Angleterre, loin des yeux loin du cœur

Angleterre c'est le nom c'est le nom de la grande île britannique lu dans mon premier livre de géographie. En 1943 lorsque enfant penché avec mon père sur notre vieux poste TSF à lampes nous écoutions les messages codés de Pierre Dac, il n'était question que des anglais qui viendraient nous délivrer de l'occupation allemande. À la sortie de la guerre, lorsque les voitures de touristes de nos amis britanniques traversaient la France à la conquête du soleil, nous lisons GB pour Grande Bretagne sur leurs plaques minéralogiques. Aujourd'hui, au moment où l'Angleterre quitté l'union Européenne, oubliés Angleterre et Grande Bretagne au bénéfice du Royaume-Uni.

En 2016, la population du Royaume-Uni s'est prononcée par voix référendaire et de façon irrévocable pour quitter l'union Européenne après avoir longuement milité pour la rejoindre en 1973. Faut-il penser que les anglais avaient déjà un pied dedans et un pied dehors car ils avaient su conserver la pierre angulaire de leur illustre passé la livre sterling et que la dame de fer Margaret Thatcher, Premier ministre de 1979 à 1990 n'avait cessé de réclamer son argent avec sa fameuse expression (I want my money back) au nom de ce grand principe hérité de ce fondement de leur politique étrangère au 19ème siècle à savoir "l'Angleterre n'a ni amis ni ennemis permanents, elle n'a que des intérêts permanents"?

Pour nous français c'est oublier que les anglais sont venus deux fois à notre secours, en 1914.18 contre l'empire Germanique avec en particulier de lourdes pertes dans la bataille de la Somme en 1916, l'affrontement le plus meurtrier de la Grande Guerre, et de 1940 à 1941 pour résister à l'offensive des troupes nazies du Reich illustrée par la Bataille d'Angleterre avant de fournir un lourd contingent dans la bataille de Normandie en 1944.

Bien sûr ce vingtième siècle fut l'époque où avec de Gaulle ou sans de Gaulle, l'Angleterre trouvait en la France son plus fidèle allié pour revendiquer sa place en Europe.

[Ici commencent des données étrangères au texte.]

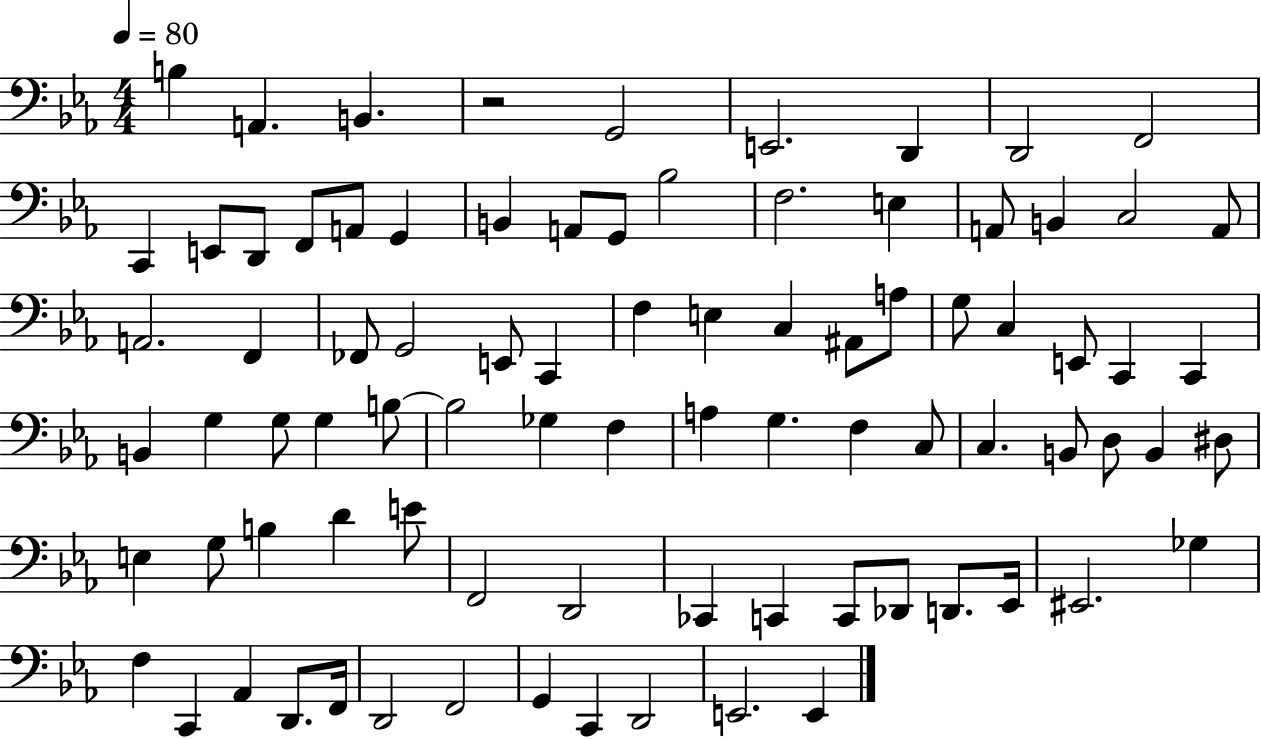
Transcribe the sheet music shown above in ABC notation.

Aujourd'hui, elle ne trouve plus son intérêt dans cette union Européenne à 28 participants et avec le brexit la quitte avec grand fracas au prix d'une dure négociation jusqu'à la dernière heure, démontrant encore tout son savoir-faire pour défendre son avantage.

Si pour le Royaume-Uni s'ouvre un vent de liberté commerciale loin des contraintes réglementaires de l'union Européenne pour tirer profit de la concurrence mondiale avec l'ouverture de ports-frans, les conséquences du Brexit pour la France sont tout autres. Grande puissance, elle se trouve de nouveau seule face à l'Allemagne qui l'emporte économiquement et largement sur elle. Si la réconciliation de nos deux peuples a été la grande victoire de l'après guerre pour l'Europe, elle est aujourd'hui menacée par des forces centrifuges qui renouent avec un lourd passé. D'élection partielle en élection partielle, nous assistons à la percée de ce parti pro-nazis Alernative für Deutschland, alors qu'en France notre unité est menacée par la montée en puissance de l'ancien parti Front National de Jean-Marie Le Pen dont sa fille et sa petite-fille n'ont fait qu'hériter. Comment ne pas oublier que Jean-Marie Le Pen porta haut et fort ce terrible jugement sur la solution finale en ces termes, les chambres à gaz "détail de l'histoire"! Oui l'Allemagne d'alternative für Deutschland fait peur comme l'ancien Front National de le Pen.

Avec la disparition consommée des partis socialiste et communiste dans notre pays, espérons que l'Angleterre de Boris Johnson ultra nationaliste, ne nous lâchera pas politiquement, se réfugiant dans le proverbe "loin des yeux loin du cœur"!